By Steve Moore, (first published: 2006/02/15)

Introduction

So, for whatever reason you are fed up with your marriage to XML and you want to go back to storing your data in (gasp!) a database. This article explains one approach for doing just that. In the example, we are using Windows Scripting Host to iterate through a few thousand XML files that will be imported into a SQL Server table. There is an added level of complexity in that the content of the XML files is formatted in HTML.

The Tools

  • SQLXML 3.0, which can be downloaded here
  • ActivePerl (optional), which can be downloaded here

The Situation

You are in the situation of working with thousands of XML files used to show FAQs on a web site.  The structure of the XML files are as such:

<?xml version="1.0" encoding="utf-8" ?>
<FAQ ID="020001" LanguageCode="EN" Priority="1">
<Question><!-- How can I solve my problem? --></Question>
<Summary><!-- Run the hardware utility. --></Summary>
<Content>
    <!--
    <div id="contentcenter">
    <p>Perform a <b>hardware</b> check with the utility to assure the quality of the system driver, etc., etc.</p>
    </div> 
    -->
</Content>
</FAQ>

If your content is not stored as HTML or you already have it enclosed in CDATA tags, then you can skip directly to the section titled "Importing the XML Files."

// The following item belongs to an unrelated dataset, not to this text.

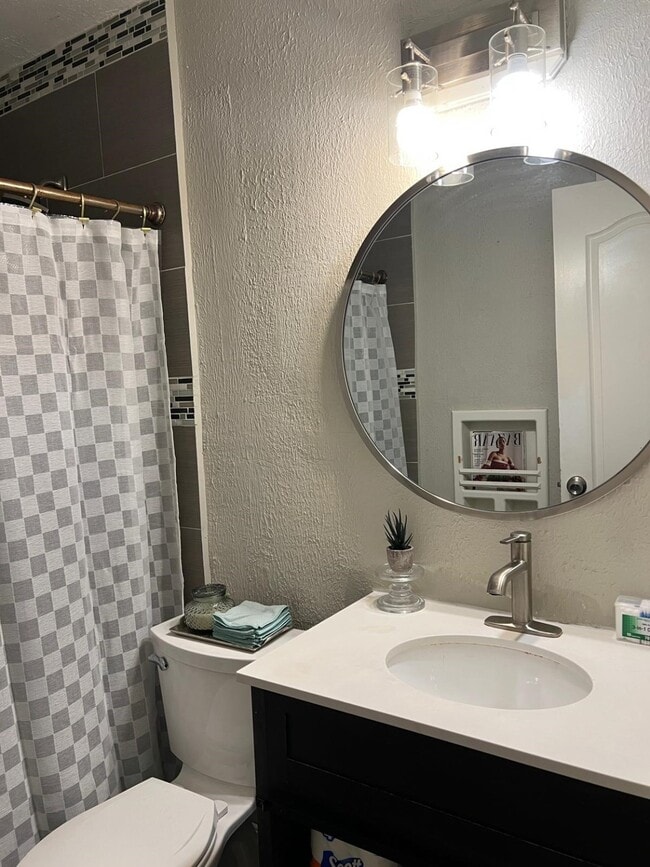 Building Photo - 4314 Gano St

In order to use SQLXML to import the data, you need to get rid of the comment tags.  There are probably ways to create an XML Schema that will ignore the comment tags, but I chose instead to find and replace the comment tags with CDATA tags.  CDATA is used to tell the XML parser to ignore anything between the tags.  For reasons that I won't get into, I chose to use Perl to handle the text manipulation.

(NOTE: I know many developers would suggest using the REPLACE function, or .NET XmlTextReader with an INSERT statement to import to the database.  As I mentioned, this is just ONE way to import the data.  An example from a guy using VBScript is here.)

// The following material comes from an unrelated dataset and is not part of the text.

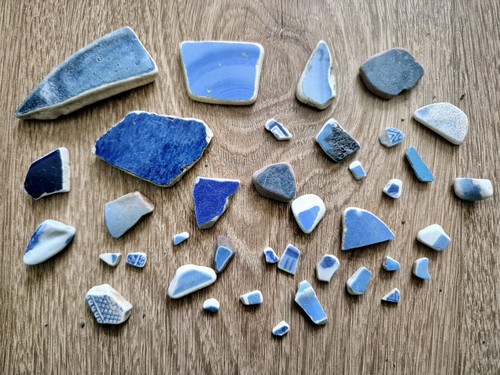Isle wight pottery - isle, of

Open Notepad and save the code below as a file called Replace.pl.  After installing ActivePerl, you open the file from a command prompt and run it.  You will be prompted for what you want to replace. The find and replace process is twofold:  replacing the beginning comment (<!--) with the beginning CDATA tag (<![CDATA[) and the end comment (-->) with the ending CDATA tag (]]>).

#!/usr/bin/perl
#
# NOTE: the find-and-replace IS case-sensitive.

$dir = $ARGV[0] || '.';
$!=1;
chdir($dir) or die $!;
opendir(DIR,$dir) or die $!;
my $changes=0;
print "\n :: find :. ";
$find=<STDIN>; chop($find);
print " :: replace :. ";
$replace=<STDIN>; chop($replace);
$/=undef;
foreach my $file (readdir(DIR))
{
if($file=~/^.+\.xml$/) # adjust pattern to your needs
{
print "parsing file $file..\n";
open(FILE,"<$file") or die $!;
my $file_data=<FILE>;
close(FILE);
$changes += $file_data =~ s/$find/$replace/gme;
open(FILE,">$file") or die $!;
print FILE $file_data;
close(FILE);
}
}
print "Voila. ($changes changes)\n";
		

The data are now ready to be imported.

Importing the XML Files

You will need to create a table that has the same format as the XML schema used to import the data.  The XML Schema is below; the table name is referenced as sql:relation="<tablename>".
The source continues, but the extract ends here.